**GOAL OF THE EXERCISE:** Your answer should be an exact copy of all the entries, free of pictures.

[Records from a data collection]
● ● ● ● ● ● ●
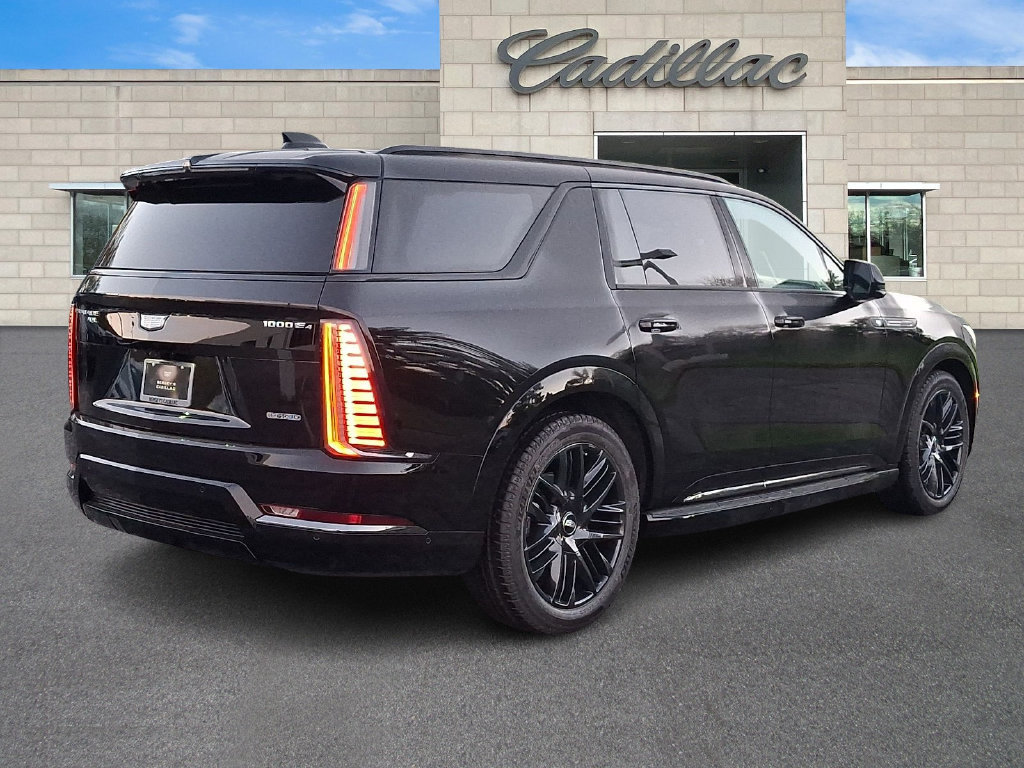 New 2026 Cadillac Escalade IQL Sport 2 w/ LPO, Etrunk Organizer Package AWD/4WD image 3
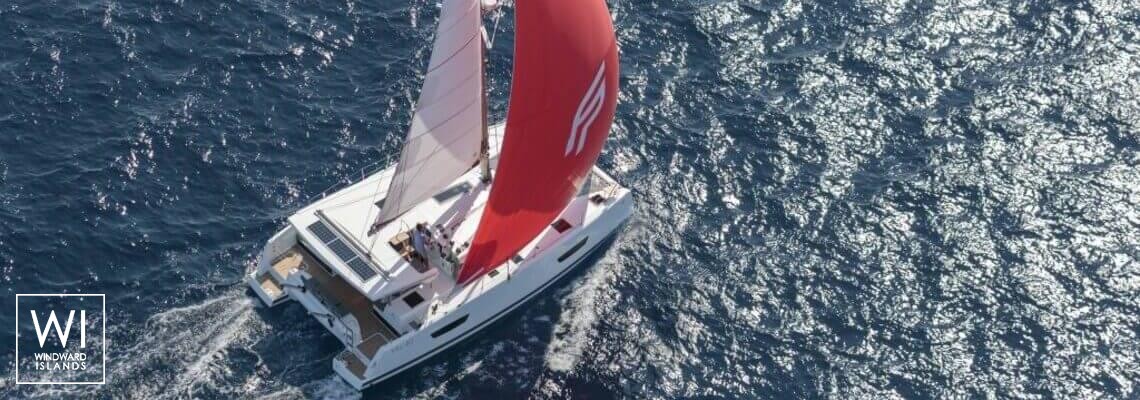Isla 40 Fountaine Pajot Exterior 1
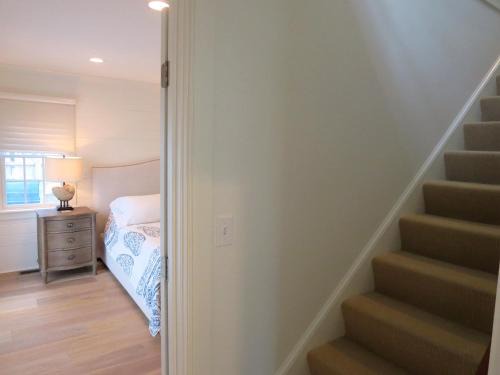 161 Bay Lane Centerville Cape Cod - Bay Breeze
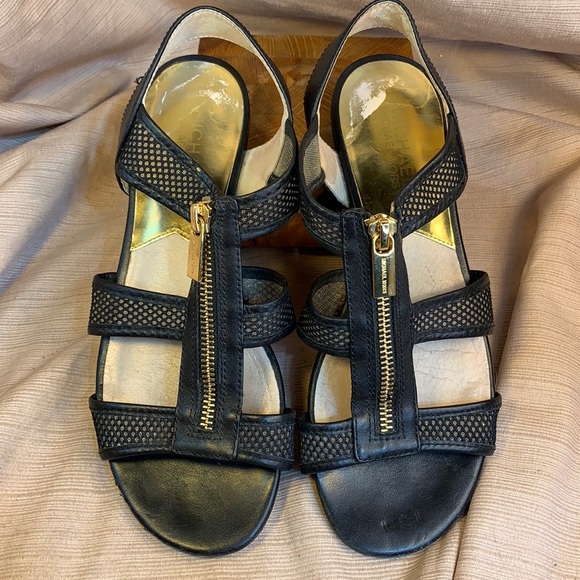 Michael Kors zipper leather sandals in GUC - Picture 1 of 12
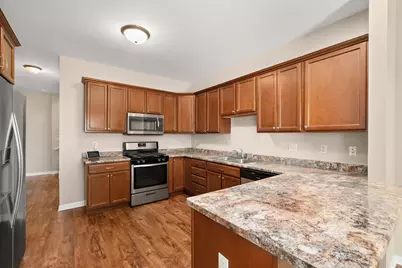 3705 Green Tree Lane, Dekalb, IL 60115 - Photo 9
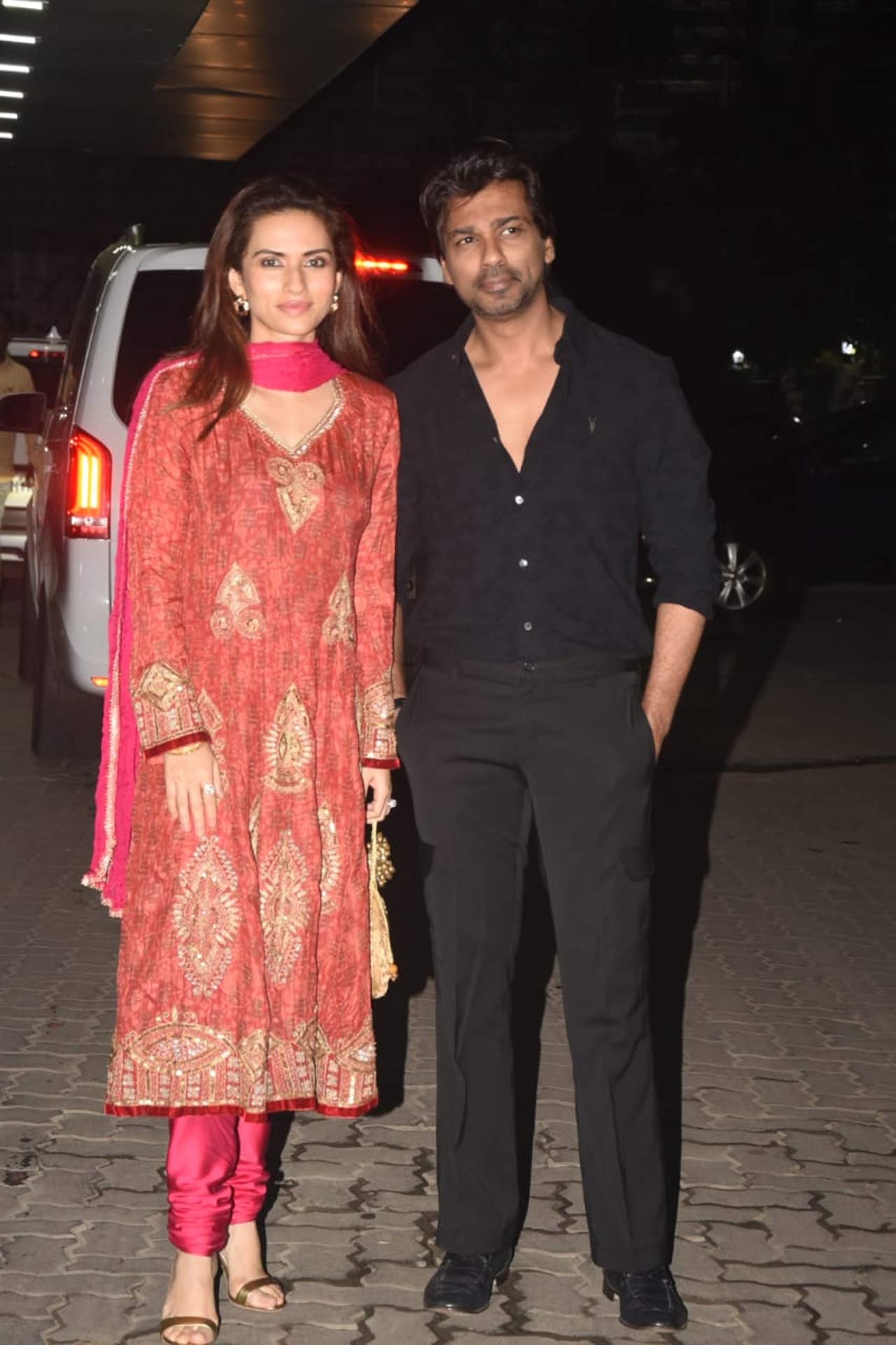 The festival of lights also saw Nikhil Dwivedi and his wife Gaurie Pandit at Sohail Khan's party.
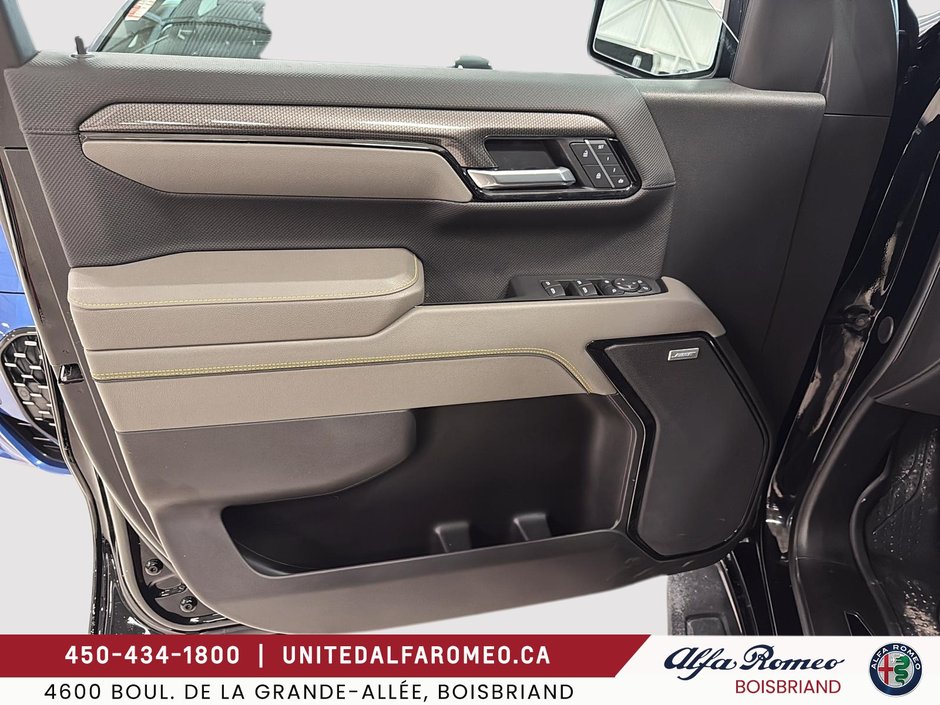 2025 Chevrolet Silverado 1500 ZR2,6.2L,CREWCAB,TOIT,NAVI,BAS MILLAGE-12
● ● ● ● ● ● ●
**RESULT OF THIS TASK:**
 New 2026 Cadillac Escalade IQL Sport 2 w/ LPO, Etrunk Organizer Package AWD/4WD image 3
Isla 40 Fountaine Pajot Exterior 1
 161 Bay Lane Centerville Cape Cod - Bay Breeze
 Michael Kors zipper leather sandals in GUC - Picture 1 of 12
 3705 Green Tree Lane, Dekalb, IL 60115 - Photo 9
 The festival of lights also saw Nikhil Dwivedi and his wife Gaurie Pandit at Sohail Khan's party.
 2025 Chevrolet Silverado 1500 ZR2,6.2L,CREWCAB,TOIT,NAVI,BAS MILLAGE-12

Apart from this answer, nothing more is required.